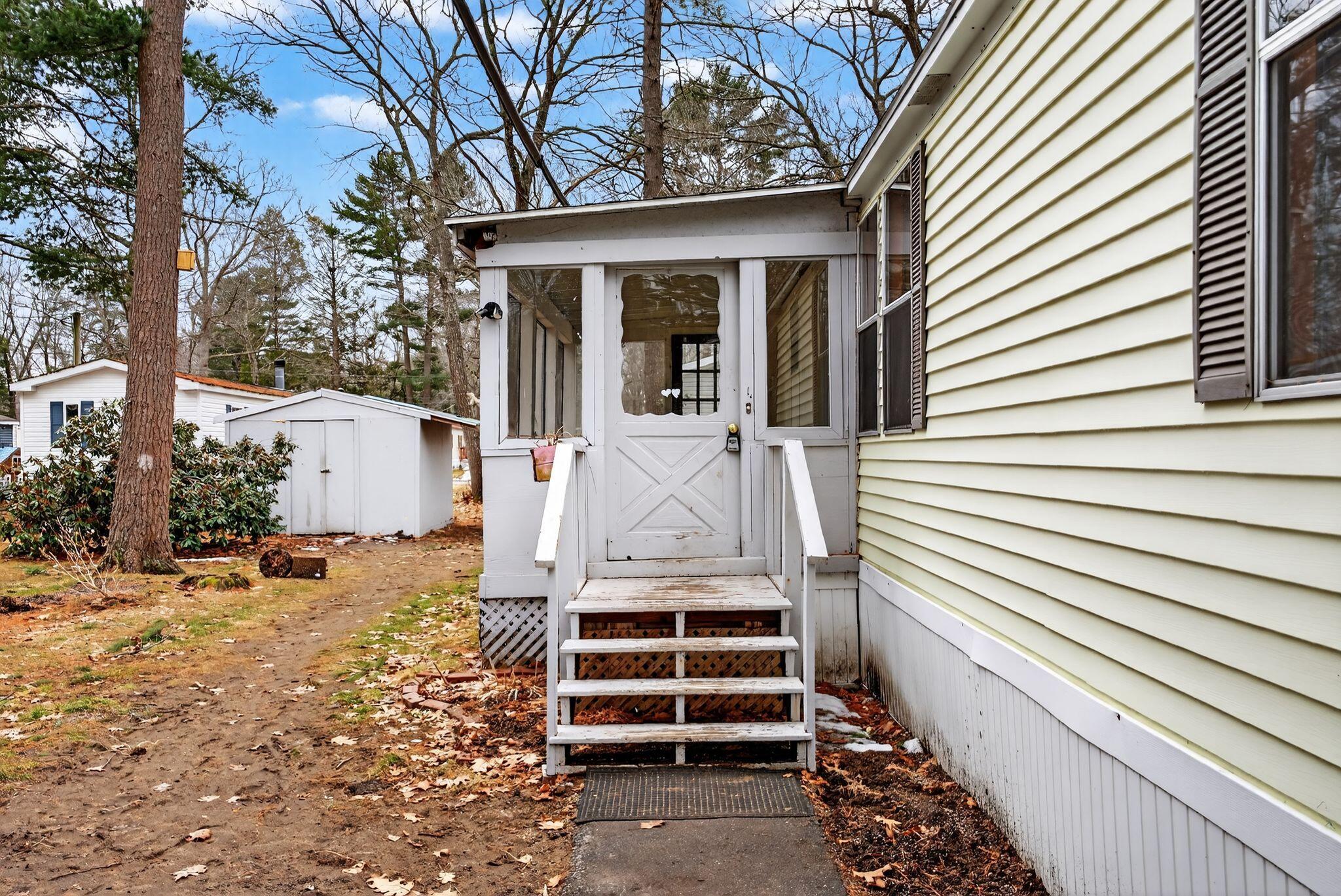 15 Valerie Avenue Brunswick ME 04011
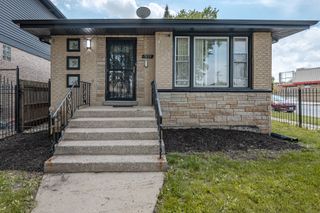 5133 W Monroe Street, Chicago, IL 60644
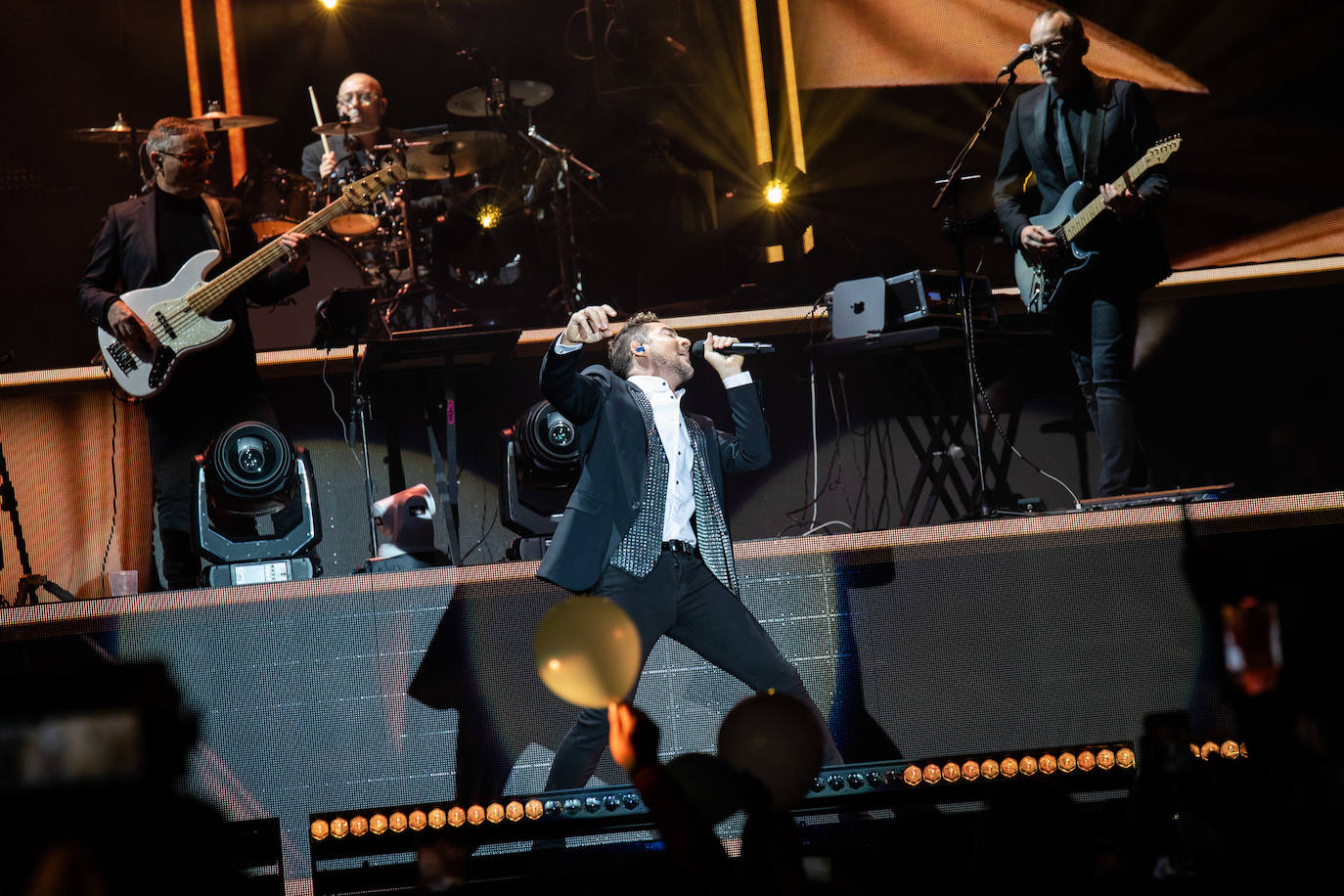 David Bisbal ha celebrado sus veinte años de trayectoria musical con un espectacular concierto en el Power Horse Stadium.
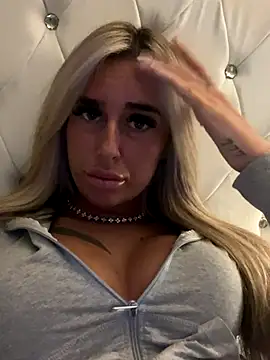 EllieMaeBaby online show from October 26, 6:36 pm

_Instructions for the task:_ Without the pictures, repeat exactly the lines running from the line containing "David Bisbal ha" through the end of the data, both ends included.

_Response to the exercise:_
 David Bisbal ha celebrado sus veinte años de trayectoria musical con un espectacular concierto en el Power Horse Stadium.
 EllieMaeBaby online show from October 26, 6:36 pm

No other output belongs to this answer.